*INSTRUCTIONS FOR THE TASK*
Verbatim copy, pictures excluded: every line from the one with "人気ある塊根植物のグラキリス 人気ある塊根植物のグラキリス 98249968" through the final line of the data below, and no other line.

*DATA*

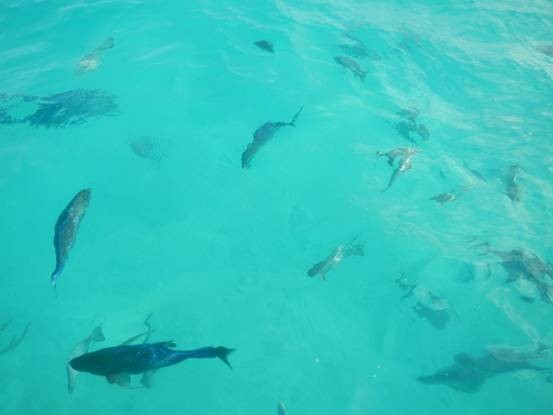 photo-media 【Dana的马尔代夫纪行】终极篇~希尔顿伊露岛~天堂之梦~各种图~(二)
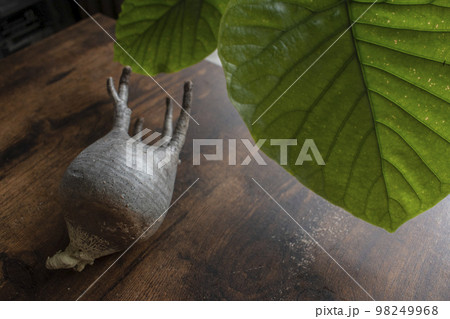 人気ある塊根植物のグラキリス 人気ある塊根植物のグラキリス 98249968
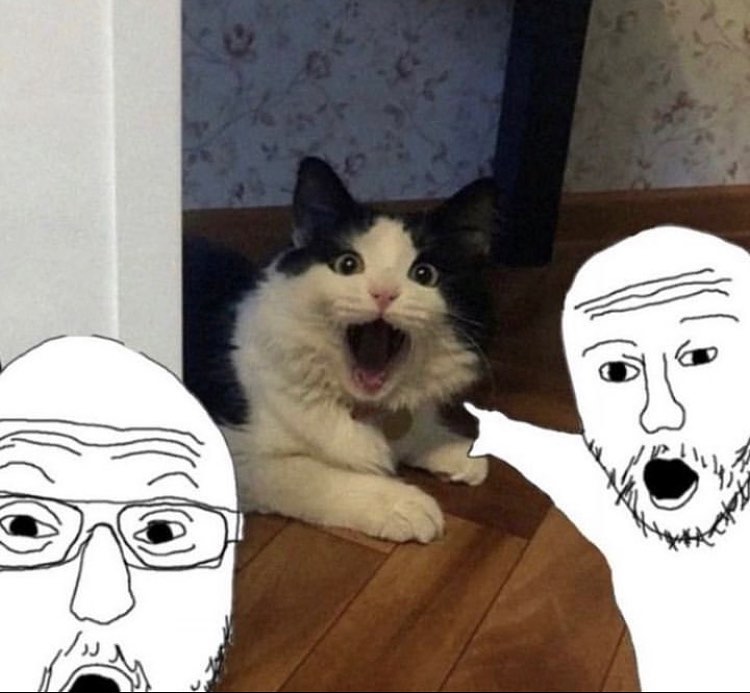 Punch Cat (@punchingcat) on Twitter photo 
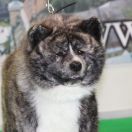 ERECUTO GO FROM HACHIMANTAI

*OUTPUT OF THE TASK*
 人気ある塊根植物のグラキリス 人気ある塊根植物のグラキリス 98249968
 Punch Cat (@punchingcat) on Twitter photo 
 ERECUTO GO FROM HACHIMANTAI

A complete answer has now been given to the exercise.